Alas – it is not a Webronsky bagel, nor does it sell for 47 hryvnias, as noted in that review, although Kyiv Unedited does see some historical value in the correctly documented price from a year earlier for this meat-less bagel-licious nosh; bigger than a morsel, smaller than a meal.
As of early springtime 2013, there are UAH 52 and 57 versions of this thoroughly enjoyable comestible, the more expensive one having more fillings, like peppers, according to the menu, piled on the starring ingredient.
And that ingredient, avid, competent readers of Kyiv Unedited, and especially our Jewish friends, is chevre, which is goat cheese and goat in French.
Thus, the name of this offering from New-York Bagel is Chevransky, or, more phonetically in English, Shevransky, and not Webronsky.
Apparently, The Hunched Cornish, when reading over his notes from last year, mistook the Sh letter in Cyrillic for a W in English, and the Cyrillic V letter for an English B, although it is beyond us why he also didn’t mistake the Cyrillic R letter for an English P, but somehow got the R exactly right.
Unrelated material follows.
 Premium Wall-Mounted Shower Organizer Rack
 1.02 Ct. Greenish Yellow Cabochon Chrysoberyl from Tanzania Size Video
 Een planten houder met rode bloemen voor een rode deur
Of course, if he had written a P, then it would be the even more ludicrous Webponsky (as opposed to Webronsky) bagel. We figure, The Hunched Cornish probably figured he had been jotting his notes down in mixed Cyrillic and English and so logically, as for him, concluded that the P couldn’t be an English P but was the Cyrillic P-looking letter of the Byzantine world we know in the English-language world as R, because phonetically, how can you have a P following a B?
But enough about The Cornish freak. We’re doing everything we can to fire that malevolent chimerical Pantagruelian abomination. Although we realize that may be a problem.